Selain itu juga Kepemimpinan yang diturunkan akan mempersempit ruang kreatifitas dan opportunitas bagi mereka yang memiliki bakat kepemimpinan yang ditempah dari kawah candradimukanya Gatot kaca. Apalagi ketika berbicara Negara Indonesia yang memiliki bonus demografi (Penduduk muda yang berusia produktif antara 15-64 tahun), peluang kepemimpinan dari kaum muda yang berkualitas semakin sempit.

Hari ini, Politik dinasti dipersoalkan. Politik dinasti diartikan sebagai kepemimpinan yang diwariskan secara turun temurun. Politik dinasti adalah paradoks dalam demokrasi. Sebahagian memiliki catatan-catatan buruk dalam sejarah peradaban manusia. Meskipun demikian, konstitusi kita tidak begitu mempersoalkan pengaruh buruk dari praktek Politik dinasti tersebut.

Buktinya saja, dalam Mahkamah Konstitusi yang merupakan majelis hukum tertinggi di negeri ini, Batas umur Capres dan Cawapres membebaskan seorang anak muda lolos sebagai Calon presiden yang notabenenya adalah anak dari Presiden RI.

Selain itu, politik dinasti tidak dapat serta merta kita katakan sebagai kegagalan dalam berdemokrasi. Banyak kasus kepemimpinan yang diwarisi sukses dalam menciptakan keadilan dan kesejahteraan rakyat yang dipimpinnya, inti persoalannya bukan kepada etis tidaknya Politik dinasti yang dipraktekkan dalam sistem demokrasi di negeri ini, melainkan bagaimana kaum muda mampu memvalidasi dirinya sebagai sosok yang layak memimpin dengan energi dan semangat muda yang dimilikinya.

Kabupaten Langkat juga punya sejarah kelam dari pucuk kepemimpinan yang lalu.

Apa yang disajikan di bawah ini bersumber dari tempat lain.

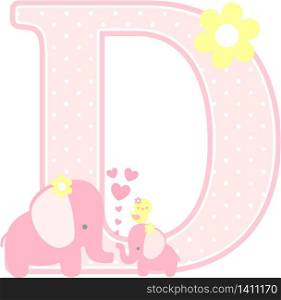 initial d with cute elephant and little baby elephant isolated on white. can be used for mother&rsquo;s day card, baby girl birth announcements, nursery decoration, party theme or birthday invitation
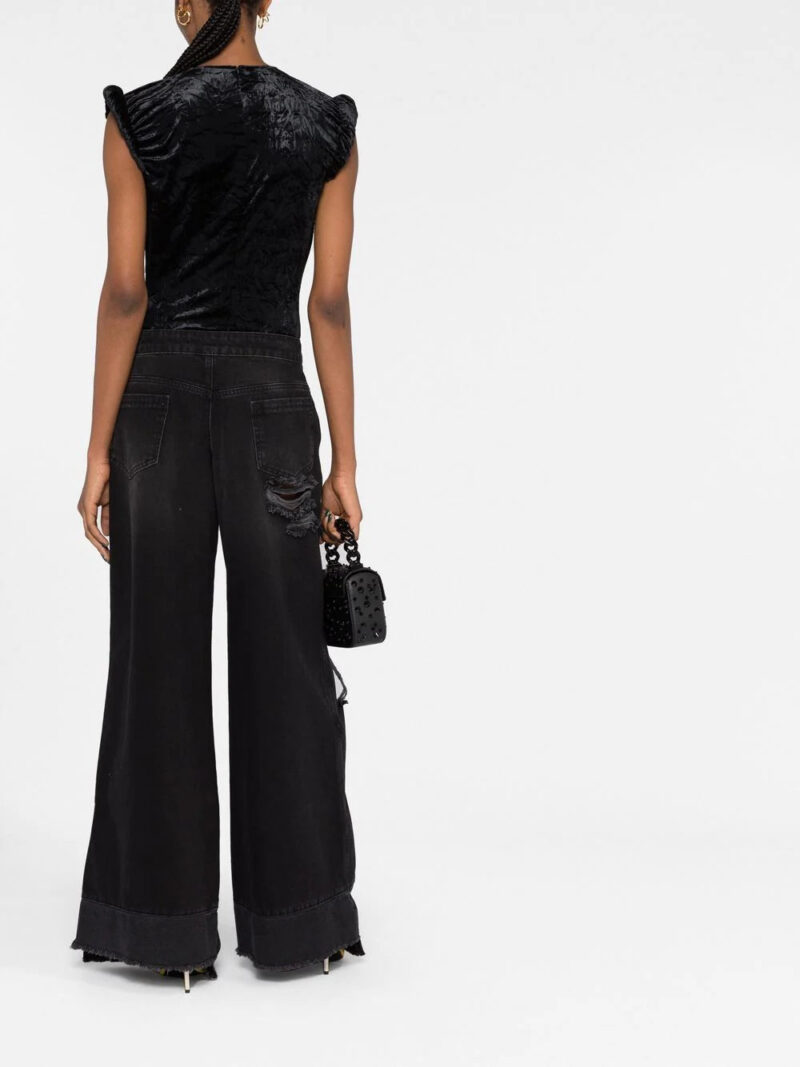 Versace  Medusa embellished velvet top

Tersandera kasus korupsi merupakan luka yang kerap dikenang di sepanjang sejarah peradaban kepemimpinan kabupaten Langkat.

Kita butuh sosok muda yang mampu memberikan jalan baru yang baik bagi kesejahteraan rakyat. Dalam konteks ini, masyarakat yang peduli harus bersikap dalam menentukan masa depan bangsa Khususnya Kabupaten Langkat.

Secara historis, kabupaten Langkat dalam sistem kesultanan monarki yang absolut pernah mencontohkan dinasti politik yang berhasil membawa kesultanan Langkat dalam kejayaan yang tinggi.

Kesultanan Langkat ketika itu berhasil menjadi negerinya para ulama cendikia. Rajanya yang alim dan wara dekat dengan ulama, hingga puncak kepemimpinan terakhir jatuh kepada Sultan Mahmud Abdul Azis Djalil Rahmadsyah, kesejahteraan masyarakat Langkat meningkat.

Para sultan peduli dengan rakyatnya. Tapi kejayaan itu semakin menghilang hingga hari ini. Degradasi moral, praktek politik yang sangat transaksional mengancam dan meruntuhkan nilai-nilai demokrasi.

Dari faktor tersebut di atas, maka kemudian saya berfikir perlulah kita diskusikan bersama-sama dalam menyusun stratak yang konkrit demi mencari sosok yang benar-benar diharapkan masyarakat, khususnya masyarakat Langkat.

Semoga niatan kita akan terwujud sesuai harapan kita bersama. Wallahu’alam bisshawaf. Hubbul wathon minal iman. Bersatu sekata, berpadu berjaya.